#### WHAT IS BEING ASKED:
When the line with "萨伽（SAGA） 吉他sf700单板面单民谣萨迦木吉他入门初学者萨嘎乐器 41英寸D桶SF700CR复古色缺角" turns up below, begin repeating exactly, and carry on through the line with "What Cleaners Work vs. COVID-19?"; no pictures go into the copy.

#### ENTRIES SUPPLIED:
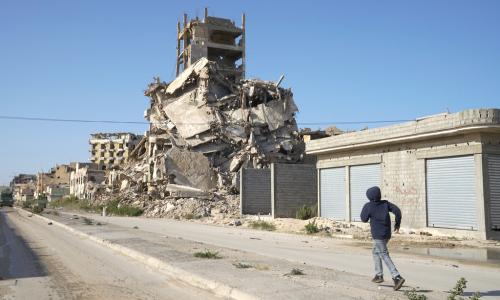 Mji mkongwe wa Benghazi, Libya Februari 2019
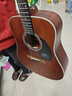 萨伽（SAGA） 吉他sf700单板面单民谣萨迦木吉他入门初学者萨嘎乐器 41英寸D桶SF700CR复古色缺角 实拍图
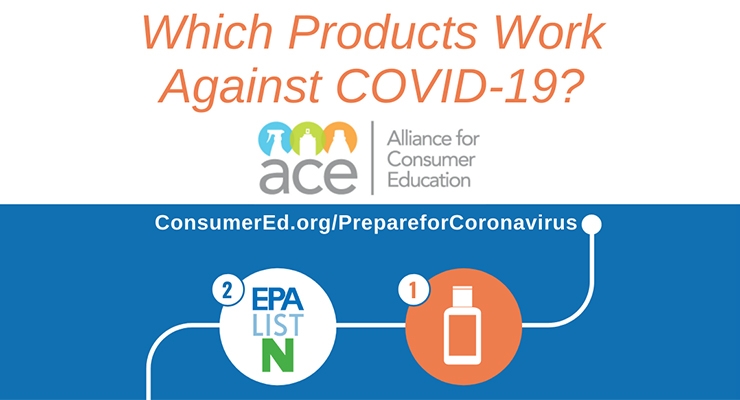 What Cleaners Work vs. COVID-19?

---

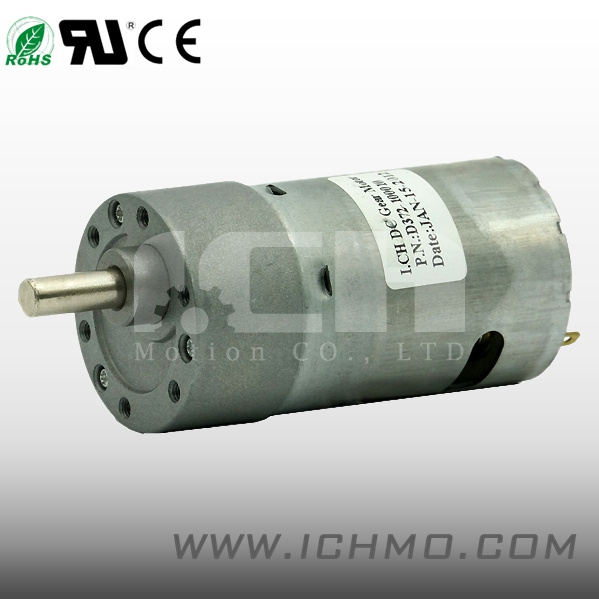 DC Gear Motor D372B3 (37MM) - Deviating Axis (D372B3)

#### COMPLETED TASK:
 萨伽（SAGA） 吉他sf700单板面单民谣萨迦木吉他入门初学者萨嘎乐器 41英寸D桶SF700CR复古色缺角 实拍图
 What Cleaners Work vs. COVID-19?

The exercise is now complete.